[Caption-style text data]
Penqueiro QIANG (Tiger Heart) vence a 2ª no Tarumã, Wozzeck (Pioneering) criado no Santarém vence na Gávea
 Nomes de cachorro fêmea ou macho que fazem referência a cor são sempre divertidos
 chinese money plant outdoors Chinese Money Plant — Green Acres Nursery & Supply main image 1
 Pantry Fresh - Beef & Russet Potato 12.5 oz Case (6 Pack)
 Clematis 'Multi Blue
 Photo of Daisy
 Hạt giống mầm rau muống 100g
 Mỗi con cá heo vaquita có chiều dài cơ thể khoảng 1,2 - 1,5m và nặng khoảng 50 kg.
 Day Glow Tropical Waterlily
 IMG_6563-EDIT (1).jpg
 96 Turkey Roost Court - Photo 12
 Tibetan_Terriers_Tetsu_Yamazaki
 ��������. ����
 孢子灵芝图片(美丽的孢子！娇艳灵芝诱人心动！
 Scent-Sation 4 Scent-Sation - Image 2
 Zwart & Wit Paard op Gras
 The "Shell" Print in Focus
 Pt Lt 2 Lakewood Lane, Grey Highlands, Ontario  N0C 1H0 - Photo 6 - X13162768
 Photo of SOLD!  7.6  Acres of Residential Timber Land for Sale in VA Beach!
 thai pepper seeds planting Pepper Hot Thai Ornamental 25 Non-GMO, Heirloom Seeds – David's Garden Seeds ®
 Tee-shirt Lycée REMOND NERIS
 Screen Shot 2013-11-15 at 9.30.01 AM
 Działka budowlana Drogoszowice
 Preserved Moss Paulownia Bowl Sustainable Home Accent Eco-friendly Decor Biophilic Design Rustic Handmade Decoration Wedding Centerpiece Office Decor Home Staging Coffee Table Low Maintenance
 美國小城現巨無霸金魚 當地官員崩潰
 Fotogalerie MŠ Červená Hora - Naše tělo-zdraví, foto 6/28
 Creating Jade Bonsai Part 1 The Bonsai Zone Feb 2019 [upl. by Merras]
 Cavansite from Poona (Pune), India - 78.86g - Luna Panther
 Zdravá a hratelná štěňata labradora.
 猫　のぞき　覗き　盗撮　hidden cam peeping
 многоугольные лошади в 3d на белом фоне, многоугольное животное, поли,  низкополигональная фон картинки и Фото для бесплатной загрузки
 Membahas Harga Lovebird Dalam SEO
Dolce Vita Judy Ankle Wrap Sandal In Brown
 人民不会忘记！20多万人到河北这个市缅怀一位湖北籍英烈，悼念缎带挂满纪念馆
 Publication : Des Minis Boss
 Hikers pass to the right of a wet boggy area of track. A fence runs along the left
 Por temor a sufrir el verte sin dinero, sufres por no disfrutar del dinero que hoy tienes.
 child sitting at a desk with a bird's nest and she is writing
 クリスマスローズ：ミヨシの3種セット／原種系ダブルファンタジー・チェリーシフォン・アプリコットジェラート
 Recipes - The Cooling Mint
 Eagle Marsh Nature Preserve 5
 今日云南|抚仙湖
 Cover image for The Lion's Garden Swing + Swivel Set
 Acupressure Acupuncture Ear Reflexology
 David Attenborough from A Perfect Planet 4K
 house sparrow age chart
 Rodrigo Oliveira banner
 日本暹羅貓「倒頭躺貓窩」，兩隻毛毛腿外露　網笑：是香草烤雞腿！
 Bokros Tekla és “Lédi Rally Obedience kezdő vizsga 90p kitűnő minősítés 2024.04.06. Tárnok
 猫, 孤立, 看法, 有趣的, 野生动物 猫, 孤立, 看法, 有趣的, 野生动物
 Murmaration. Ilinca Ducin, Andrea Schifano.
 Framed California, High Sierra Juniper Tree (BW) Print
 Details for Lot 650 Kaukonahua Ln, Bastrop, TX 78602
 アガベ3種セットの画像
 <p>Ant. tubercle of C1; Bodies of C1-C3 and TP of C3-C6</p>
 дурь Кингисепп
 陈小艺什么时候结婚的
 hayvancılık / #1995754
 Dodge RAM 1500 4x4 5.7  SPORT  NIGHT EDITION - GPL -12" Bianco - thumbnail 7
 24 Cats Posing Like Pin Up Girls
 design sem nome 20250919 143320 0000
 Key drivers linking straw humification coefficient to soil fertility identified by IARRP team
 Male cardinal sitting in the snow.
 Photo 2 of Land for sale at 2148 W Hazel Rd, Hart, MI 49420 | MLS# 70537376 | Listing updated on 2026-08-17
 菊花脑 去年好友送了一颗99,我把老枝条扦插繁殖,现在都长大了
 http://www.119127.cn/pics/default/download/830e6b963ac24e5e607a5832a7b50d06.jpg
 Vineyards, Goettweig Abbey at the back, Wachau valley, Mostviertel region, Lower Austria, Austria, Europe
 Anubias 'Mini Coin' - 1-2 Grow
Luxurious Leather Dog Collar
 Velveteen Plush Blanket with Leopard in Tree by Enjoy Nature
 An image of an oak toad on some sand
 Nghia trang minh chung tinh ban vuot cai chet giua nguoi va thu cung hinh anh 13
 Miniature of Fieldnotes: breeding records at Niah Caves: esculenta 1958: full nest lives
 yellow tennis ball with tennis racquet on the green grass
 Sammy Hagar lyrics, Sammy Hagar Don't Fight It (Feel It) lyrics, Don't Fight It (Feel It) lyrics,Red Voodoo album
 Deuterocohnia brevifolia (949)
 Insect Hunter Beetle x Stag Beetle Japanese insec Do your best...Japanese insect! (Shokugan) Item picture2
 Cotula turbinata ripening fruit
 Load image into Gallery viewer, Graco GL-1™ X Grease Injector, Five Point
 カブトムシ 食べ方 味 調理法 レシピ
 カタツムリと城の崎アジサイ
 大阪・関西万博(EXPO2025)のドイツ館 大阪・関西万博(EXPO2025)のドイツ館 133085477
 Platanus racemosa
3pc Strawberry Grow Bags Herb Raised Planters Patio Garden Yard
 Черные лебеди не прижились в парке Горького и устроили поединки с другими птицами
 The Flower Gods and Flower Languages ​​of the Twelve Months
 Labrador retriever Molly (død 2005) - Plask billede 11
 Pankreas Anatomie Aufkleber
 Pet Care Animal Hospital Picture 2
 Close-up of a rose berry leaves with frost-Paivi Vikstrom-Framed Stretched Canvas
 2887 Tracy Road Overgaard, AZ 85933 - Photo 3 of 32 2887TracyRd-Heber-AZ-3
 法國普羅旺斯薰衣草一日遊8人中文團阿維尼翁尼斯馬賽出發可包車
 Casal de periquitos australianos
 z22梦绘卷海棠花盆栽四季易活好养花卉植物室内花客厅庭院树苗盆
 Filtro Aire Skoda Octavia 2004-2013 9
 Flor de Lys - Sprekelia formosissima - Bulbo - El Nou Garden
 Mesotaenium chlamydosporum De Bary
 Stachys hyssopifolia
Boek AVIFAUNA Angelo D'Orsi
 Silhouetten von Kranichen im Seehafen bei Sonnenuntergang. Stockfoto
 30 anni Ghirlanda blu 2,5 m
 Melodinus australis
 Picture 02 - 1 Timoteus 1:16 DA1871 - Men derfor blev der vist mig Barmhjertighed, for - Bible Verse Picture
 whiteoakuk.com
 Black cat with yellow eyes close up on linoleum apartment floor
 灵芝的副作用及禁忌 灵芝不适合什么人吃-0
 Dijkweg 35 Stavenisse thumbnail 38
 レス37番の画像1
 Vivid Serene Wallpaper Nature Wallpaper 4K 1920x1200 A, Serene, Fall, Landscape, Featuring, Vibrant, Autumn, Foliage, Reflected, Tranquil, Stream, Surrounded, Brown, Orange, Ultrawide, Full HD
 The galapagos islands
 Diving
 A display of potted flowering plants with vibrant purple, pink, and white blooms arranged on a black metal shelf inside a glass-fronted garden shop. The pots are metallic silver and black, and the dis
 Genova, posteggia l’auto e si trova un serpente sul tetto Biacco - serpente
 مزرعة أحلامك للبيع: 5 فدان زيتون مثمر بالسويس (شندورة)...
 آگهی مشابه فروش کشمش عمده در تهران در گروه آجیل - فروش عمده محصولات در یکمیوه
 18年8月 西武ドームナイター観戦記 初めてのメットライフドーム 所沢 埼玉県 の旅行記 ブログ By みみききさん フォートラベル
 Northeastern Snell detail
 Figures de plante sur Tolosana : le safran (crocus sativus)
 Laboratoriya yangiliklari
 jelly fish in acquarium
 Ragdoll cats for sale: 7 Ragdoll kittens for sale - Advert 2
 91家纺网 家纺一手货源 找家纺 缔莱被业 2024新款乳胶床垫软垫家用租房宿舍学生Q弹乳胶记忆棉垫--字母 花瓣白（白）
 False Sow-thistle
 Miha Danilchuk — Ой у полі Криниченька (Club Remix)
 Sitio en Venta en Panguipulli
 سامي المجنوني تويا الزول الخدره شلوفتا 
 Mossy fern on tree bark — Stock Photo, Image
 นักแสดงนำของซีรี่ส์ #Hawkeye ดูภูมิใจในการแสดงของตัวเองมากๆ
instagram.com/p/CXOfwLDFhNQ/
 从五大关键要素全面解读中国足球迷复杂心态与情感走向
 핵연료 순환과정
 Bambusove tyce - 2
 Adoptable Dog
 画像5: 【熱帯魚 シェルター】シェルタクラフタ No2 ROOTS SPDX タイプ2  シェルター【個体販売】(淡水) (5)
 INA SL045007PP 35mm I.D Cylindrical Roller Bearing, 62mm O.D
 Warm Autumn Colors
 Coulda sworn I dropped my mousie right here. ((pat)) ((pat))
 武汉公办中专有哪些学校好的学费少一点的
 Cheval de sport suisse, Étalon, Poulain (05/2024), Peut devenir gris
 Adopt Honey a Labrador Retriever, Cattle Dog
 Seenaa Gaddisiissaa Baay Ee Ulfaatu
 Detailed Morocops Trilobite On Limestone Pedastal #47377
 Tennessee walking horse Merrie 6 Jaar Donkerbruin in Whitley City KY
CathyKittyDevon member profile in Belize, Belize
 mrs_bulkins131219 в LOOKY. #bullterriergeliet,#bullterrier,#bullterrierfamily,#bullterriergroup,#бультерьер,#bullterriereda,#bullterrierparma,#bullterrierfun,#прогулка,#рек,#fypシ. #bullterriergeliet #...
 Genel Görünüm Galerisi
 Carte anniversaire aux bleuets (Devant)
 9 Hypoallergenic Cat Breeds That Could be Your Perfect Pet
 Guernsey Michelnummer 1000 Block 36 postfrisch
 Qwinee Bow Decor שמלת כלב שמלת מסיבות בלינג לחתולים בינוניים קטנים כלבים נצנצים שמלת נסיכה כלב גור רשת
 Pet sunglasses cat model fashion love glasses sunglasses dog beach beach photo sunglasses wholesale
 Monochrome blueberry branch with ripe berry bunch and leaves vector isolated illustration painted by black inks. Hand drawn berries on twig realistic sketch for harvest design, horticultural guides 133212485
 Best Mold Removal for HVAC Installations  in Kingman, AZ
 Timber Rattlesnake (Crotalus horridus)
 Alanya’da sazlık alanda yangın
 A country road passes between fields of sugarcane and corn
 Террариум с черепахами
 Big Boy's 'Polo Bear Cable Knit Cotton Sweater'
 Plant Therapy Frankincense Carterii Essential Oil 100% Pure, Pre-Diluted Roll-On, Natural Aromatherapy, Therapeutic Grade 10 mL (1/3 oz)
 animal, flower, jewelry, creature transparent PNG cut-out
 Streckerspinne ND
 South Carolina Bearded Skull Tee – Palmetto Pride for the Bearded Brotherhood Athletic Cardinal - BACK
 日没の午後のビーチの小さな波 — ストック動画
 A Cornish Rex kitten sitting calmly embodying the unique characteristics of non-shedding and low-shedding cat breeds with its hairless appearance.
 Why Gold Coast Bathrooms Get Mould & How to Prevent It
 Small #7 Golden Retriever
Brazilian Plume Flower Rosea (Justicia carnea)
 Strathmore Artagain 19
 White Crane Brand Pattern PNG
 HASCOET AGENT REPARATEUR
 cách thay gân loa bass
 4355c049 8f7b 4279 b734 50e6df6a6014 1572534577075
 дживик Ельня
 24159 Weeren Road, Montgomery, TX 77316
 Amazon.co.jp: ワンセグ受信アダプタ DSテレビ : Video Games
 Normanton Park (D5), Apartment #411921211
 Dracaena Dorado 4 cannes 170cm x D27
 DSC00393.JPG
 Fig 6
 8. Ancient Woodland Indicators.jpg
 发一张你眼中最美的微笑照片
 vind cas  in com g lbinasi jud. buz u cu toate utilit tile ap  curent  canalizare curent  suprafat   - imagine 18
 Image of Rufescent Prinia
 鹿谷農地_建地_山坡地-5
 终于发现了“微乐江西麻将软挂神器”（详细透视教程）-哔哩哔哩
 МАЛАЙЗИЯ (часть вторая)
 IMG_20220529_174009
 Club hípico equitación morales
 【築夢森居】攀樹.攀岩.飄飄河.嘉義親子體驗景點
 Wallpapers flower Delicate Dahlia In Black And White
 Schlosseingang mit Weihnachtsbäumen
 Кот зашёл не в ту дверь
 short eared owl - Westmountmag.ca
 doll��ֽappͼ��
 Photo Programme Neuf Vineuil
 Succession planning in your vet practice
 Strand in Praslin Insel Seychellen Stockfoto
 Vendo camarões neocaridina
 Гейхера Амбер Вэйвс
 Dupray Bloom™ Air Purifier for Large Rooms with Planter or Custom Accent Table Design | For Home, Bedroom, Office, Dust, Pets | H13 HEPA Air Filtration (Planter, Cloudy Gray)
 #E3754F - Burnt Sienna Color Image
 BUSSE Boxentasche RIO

→ **WHAT YOU SHOULD DO**
Starting with the line above that holds "9 Hypoallergenic Cat" and stopping with the line that holds "Timber Rattlesnake (Crotalus horridus)", reproduce each line exactly, omitting all other lines.

→ **RESULT**
 9 Hypoallergenic Cat Breeds That Could be Your Perfect Pet
 Guernsey Michelnummer 1000 Block 36 postfrisch
 Qwinee Bow Decor שמלת כלב שמלת מסיבות בלינג לחתולים בינוניים קטנים כלבים נצנצים שמלת נסיכה כלב גור רשת
 Pet sunglasses cat model fashion love glasses sunglasses dog beach beach photo sunglasses wholesale
 Monochrome blueberry branch with ripe berry bunch and leaves vector isolated illustration painted by black inks. Hand drawn berries on twig realistic sketch for harvest design, horticultural guides 133212485
 Best Mold Removal for HVAC Installations  in Kingman, AZ
 Timber Rattlesnake (Crotalus horridus)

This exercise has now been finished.